DIRECTIONS:
For every record, give an exact copy that has no pictures in it.
>>>
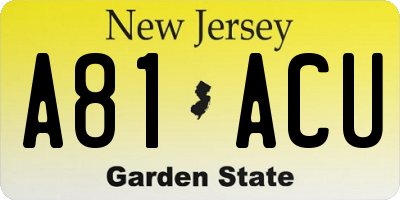NJ license plate A81ACU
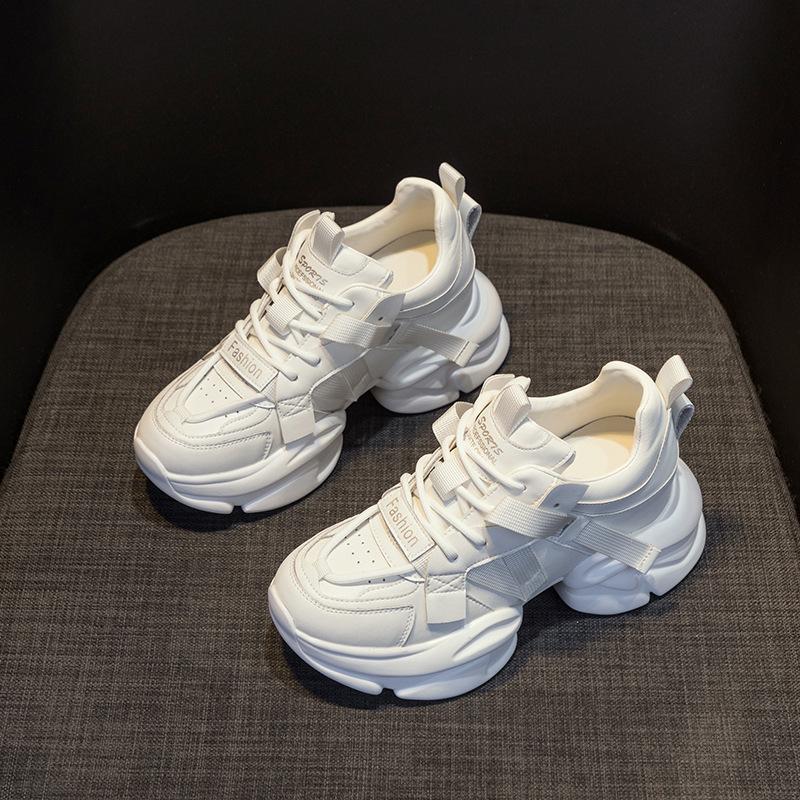 

Platform dance shoes women s autumn tide leather surface soft sole sports casual shoes heightening shoes dad shoes 40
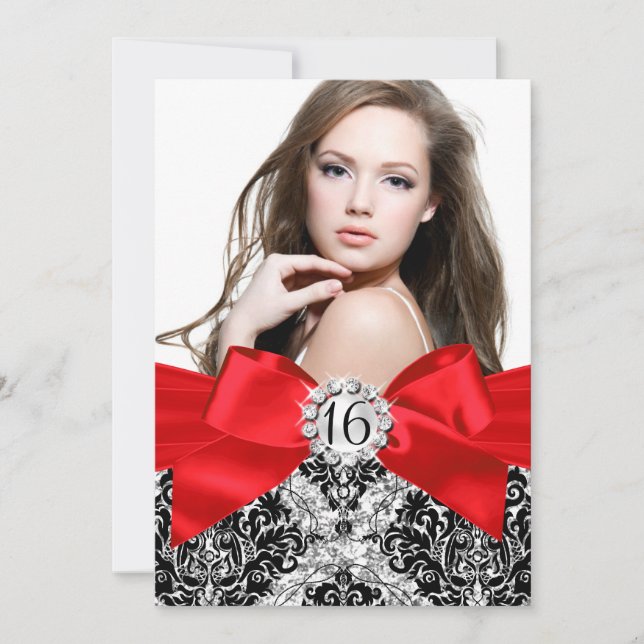 Glitzer Damask & Red Bow Sweet 16 Foto Einladung (Vorderseite)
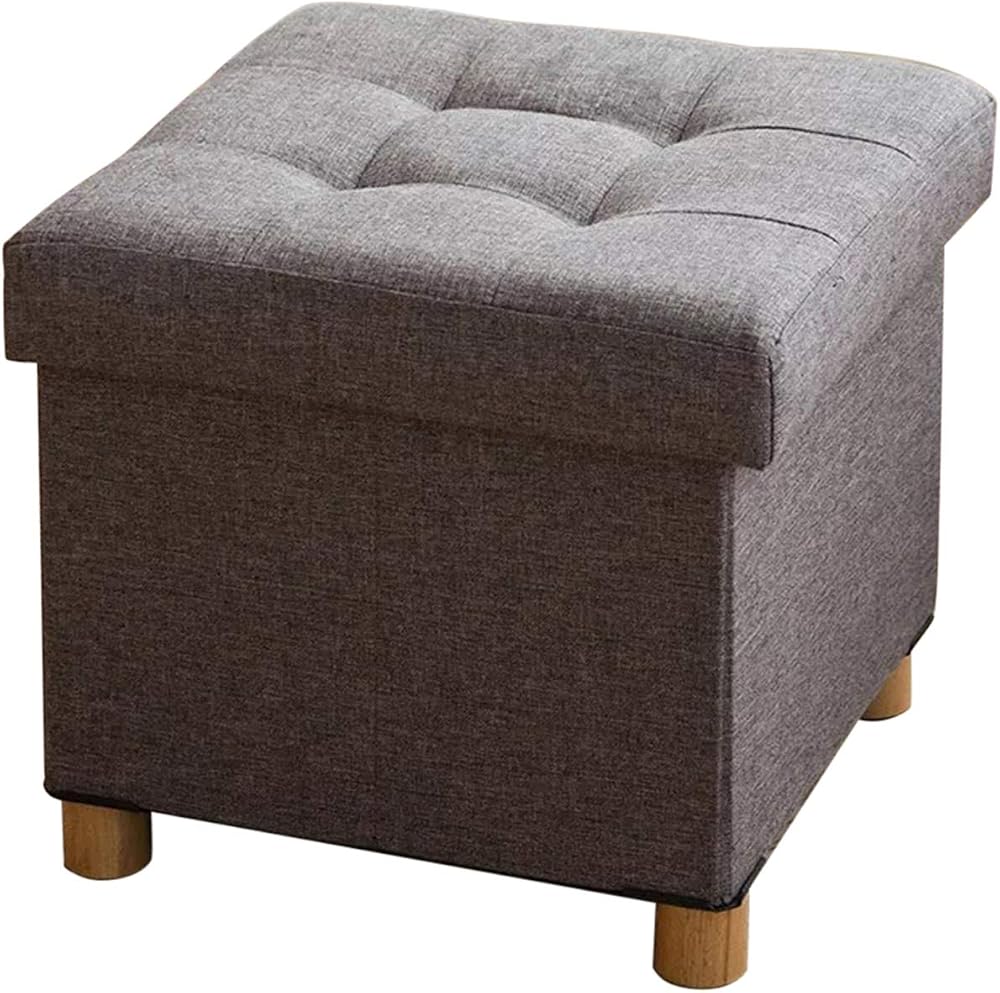 BRIAN & DANY Folding Ottoman Storage Box with Wood Legs Gray 38 cm
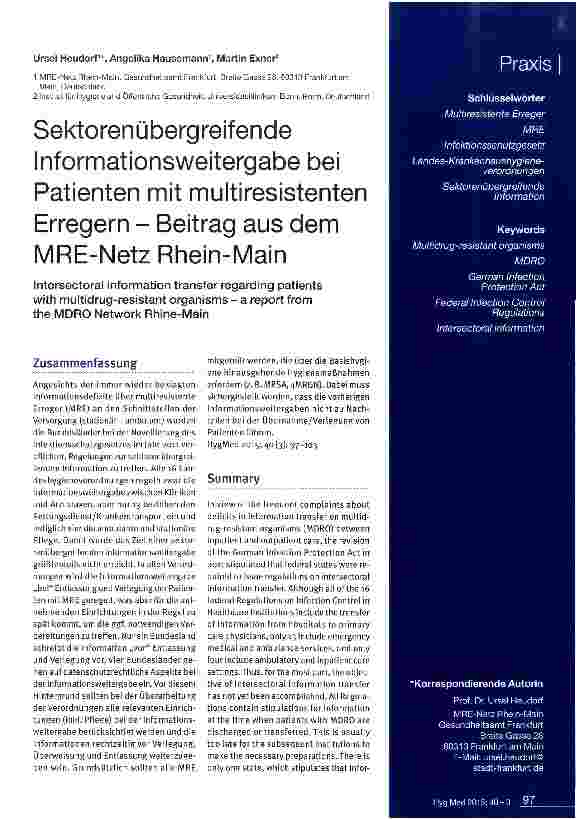 Vorschauseite 1: Sektorenübergreifende Informationsweitergabe bei Patienten mit multiresistenten Erregern - Beitrag aus dem MRE-Netz Rhein-Main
<<<
FINISHED TASK:
NJ license plate A81ACU

Platform dance shoes women s autumn tide leather surface soft sole sports casual shoes heightening shoes dad shoes 40
 Glitzer Damask & Red Bow Sweet 16 Foto Einladung (Vorderseite)
 BRIAN & DANY Folding Ottoman Storage Box with Wood Legs Gray 38 cm
 Vorschauseite 1: Sektorenübergreifende Informationsweitergabe bei Patienten mit multiresistenten Erregern - Beitrag aus dem MRE-Netz Rhein-Main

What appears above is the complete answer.